▸ **Problem**:
Please write out only the lines from the one containing "REMPe Pacientes-APK" through the last line of the listing. Do not include pictures.

▸ **Data for the task**:
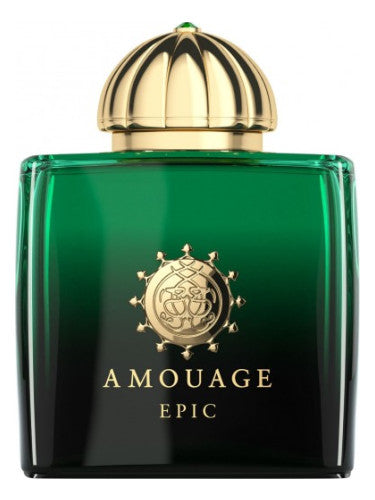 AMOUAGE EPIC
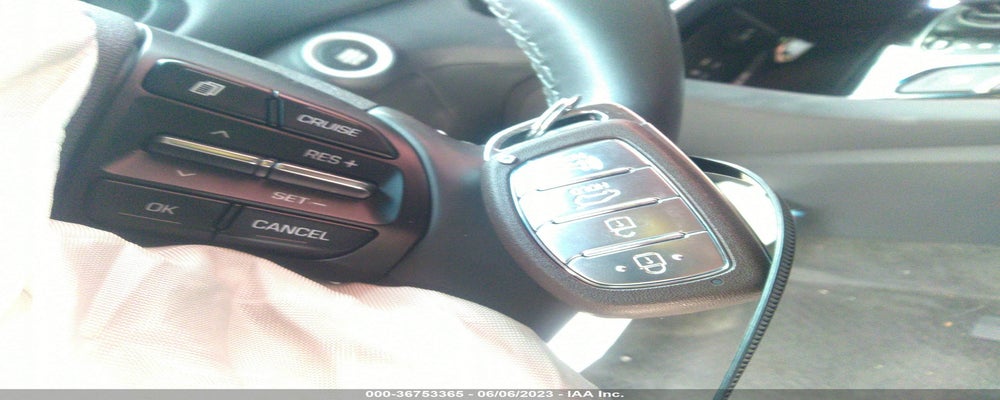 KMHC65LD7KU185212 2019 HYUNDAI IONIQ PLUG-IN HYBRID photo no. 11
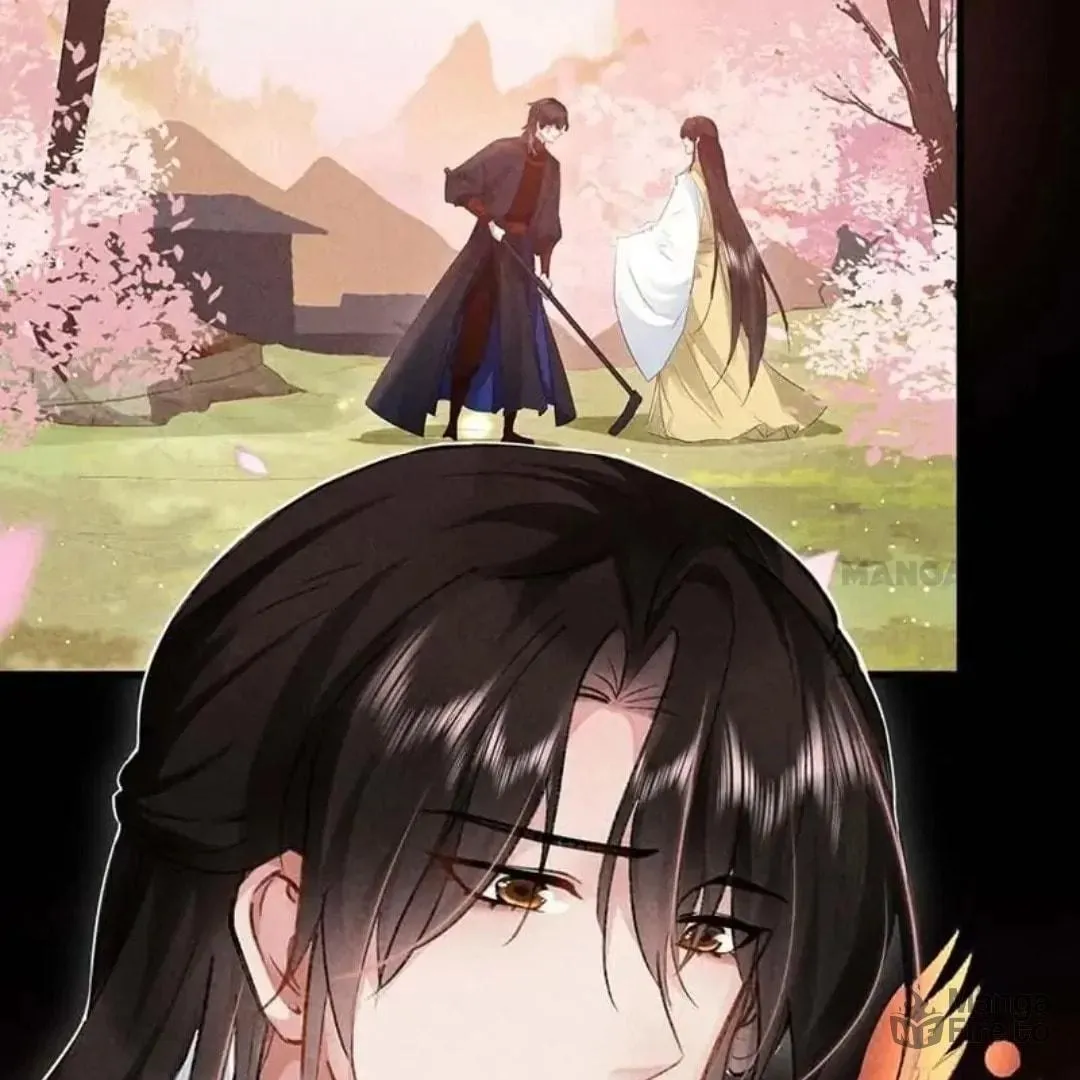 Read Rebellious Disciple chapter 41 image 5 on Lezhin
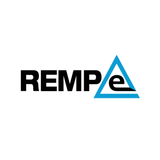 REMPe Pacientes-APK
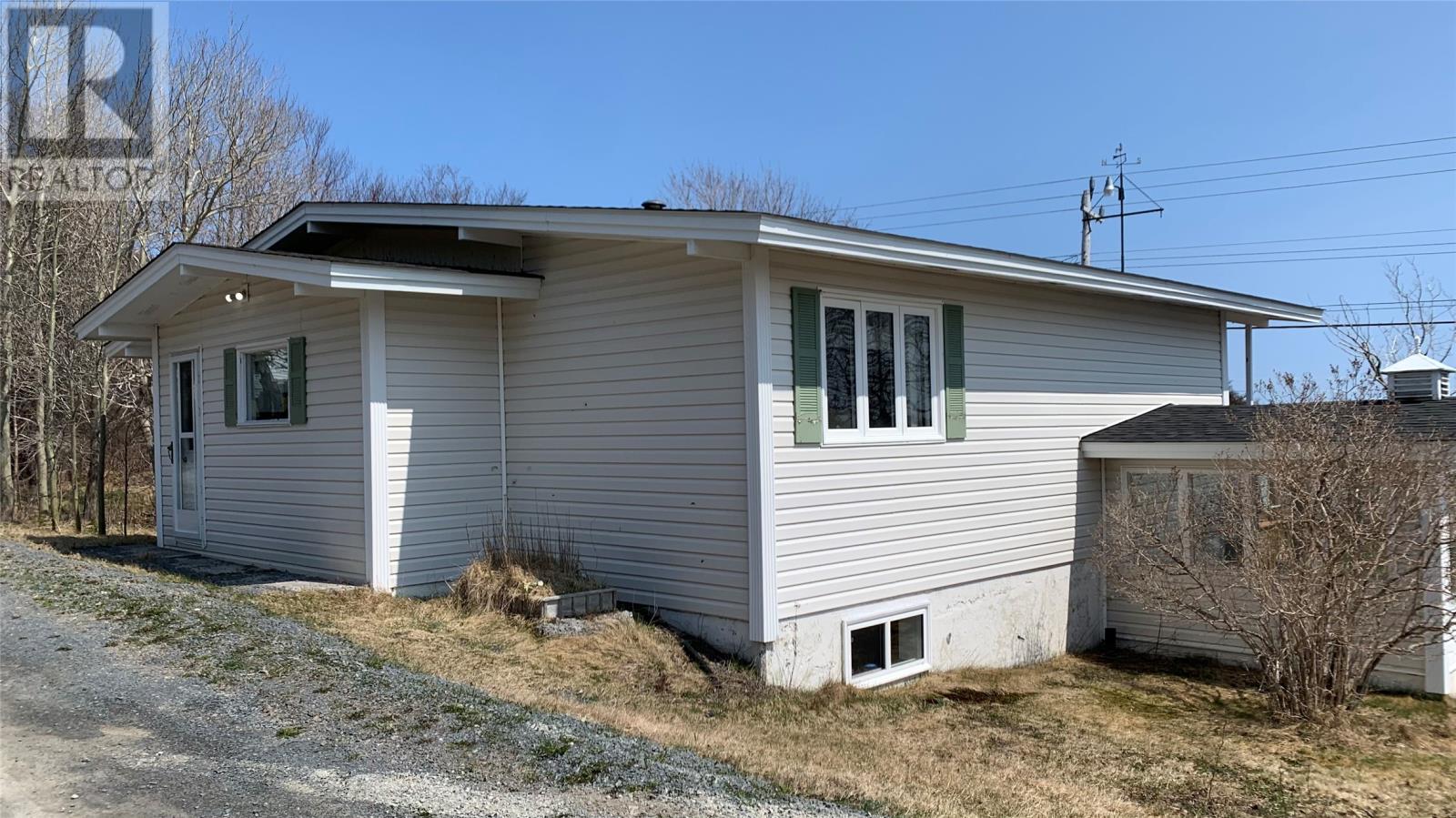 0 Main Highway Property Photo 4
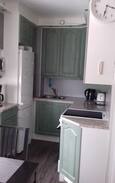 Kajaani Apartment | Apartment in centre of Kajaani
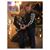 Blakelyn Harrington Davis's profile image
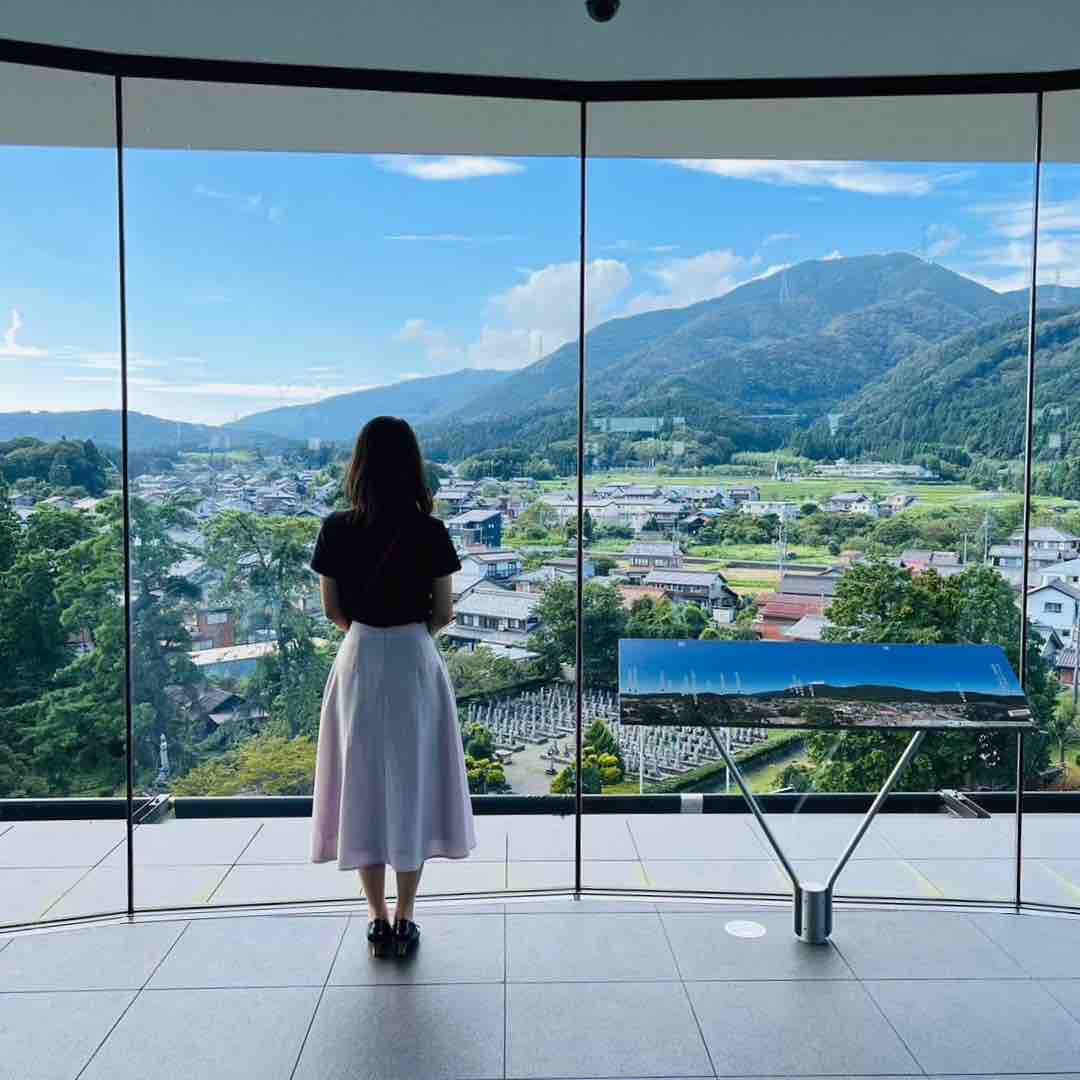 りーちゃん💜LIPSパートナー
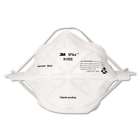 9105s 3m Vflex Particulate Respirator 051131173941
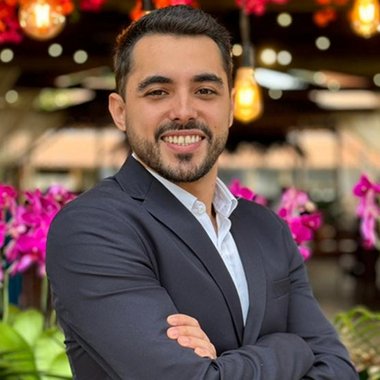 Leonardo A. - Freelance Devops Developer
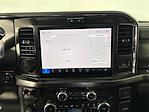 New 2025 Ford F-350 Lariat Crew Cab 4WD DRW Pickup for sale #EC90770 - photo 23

▸ **Answer to the problem**:
 REMPe Pacientes-APK
 0 Main Highway Property Photo 4
 Kajaani Apartment | Apartment in centre of Kajaani
 Blakelyn Harrington Davis's profile image
 りーちゃん💜LIPSパートナー
 9105s 3m Vflex Particulate Respirator 051131173941
 Leonardo A. - Freelance Devops Developer
 New 2025 Ford F-350 Lariat Crew Cab 4WD DRW Pickup for sale #EC90770 - photo 23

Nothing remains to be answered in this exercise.